In McDonagh’s Beauty Queen of Leenane, the Irish situation looks familiar

Mag and Maureen in The Beauty Queen of Leenane

Marie Mullen as Mag and Aisling O’Sullivan as Maureen, in the Druid production of The Beauty Queen of Leenane at BAM. (Photo by Richard Termine)

People are looking around and saying, the jobs are gone, the opportunities are gone, I’m stuck, and I don’t like it. That’s Donald Trump’s America, but also Martin McDonagh’s Ireland as seen in The Beauty Queen of Leenane, his first play, being performed at BAM through February 5. Ray, the youngest of the four characters, hasn’t yet left the village and gone abroad, but by the end he’s considering it. Pato has spent a large part of the last 20 years working elsewhere. England looms large and resentfully in the conversation; it offers chances for migrant workers (just as the oil kingdoms of the Middle East do), but they’re treated with little respect (again as in the oil kingdoms).

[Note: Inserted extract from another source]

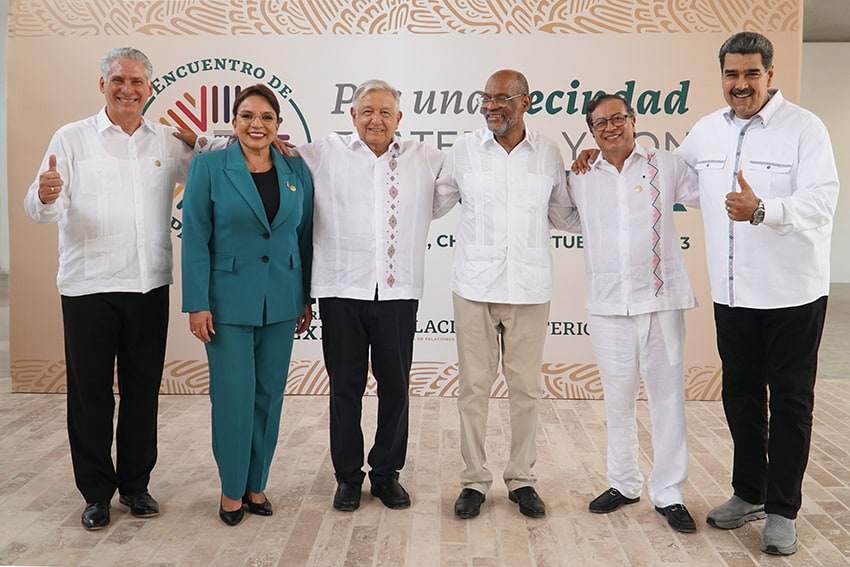 Six older men in white shirts and a woman in a green suit pose for a picture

The U.S. shines more brightly; one character says early on, as rain falls outside, “in America it does be more sunny nowadays.” For Maureen, unmarried at 40, and Mag, her mother, now 70 and semidisabled, the situation is more fraught. They’re caught in a twisty dance of duty and dependence and spite that appears to have gone on for years and that grows increasingly desperate over the course of the play. Both are fearsome creatures, who prove to be capable of horrible acts, and the surprising thing about this cage fight is that, as Maureen glimpses a way out while Mag sees none, it’s funny as well as horrifying to watch their maneuvers. This is black comedy, as the review quotes in the ads will tell you, but in the end the comedy gives way to the blackness. What one feels in the final scene is like watching the last glowing ember in a fireplace wink out, leaving one rising wisp of smoke.

McDonagh’s play is rather minimalist, employing slender means that suggest more than they say. Motifs in the dialogue deftly sketch not only the broader economic situation but also the atmosphere of casual violence in which the characters live. To some degree, one senses that all of Ireland is caught up in the same dance of dependence and spite in which Mag and Maureen are enmeshed. The current staging at BAM, which arrives intact from a 20th-anniversary production in Galway, Ireland, by the Druid company and which was directed by Garry Hynes, is similarly minimalist in its stillness. A number of major speeches are delivered by one character or another who sits or stands almost motionless. But the production may go too far in attempting to give the play weight. The scene-bridge music, by Paddy Cunneen, repeatedly impresses foreboding upon us. The set seems too big, the theater itself (the 800-plus-seat Harvey, on Fulton) seems too big, the voices are often less than fully intelligible, as if lost in the space, and the show seems too spread out in time, as if devastation can only be played slow. I once saw a production of Romeo and Juliet that radically condensed Shakespeare’s text into one quick, intermissionless run from beginning to end, lasting only about 90 minutes as I recall, and conveying the rush (in both senses) of love that the two leads experience. The Beauty Queen of Leenane does have weight, a good deal of it. I just wonder whether it can be played a little more quickly and lightly, with more of its gravity implied. Nonetheless, it comes across here with its comedy and its shock fully rendered.

The four members of the cast are Aaron Monaghan as Ray, Marie Mullen as Mag, Marty Rea as Pato, and Aisling O’Sullivan as Maureen. They’re all marvelously vivid, and when I couldn’t make out what they were saying (my companion had the same problem, so it wasn’t just me), I was still entranced by the lilt of their voices.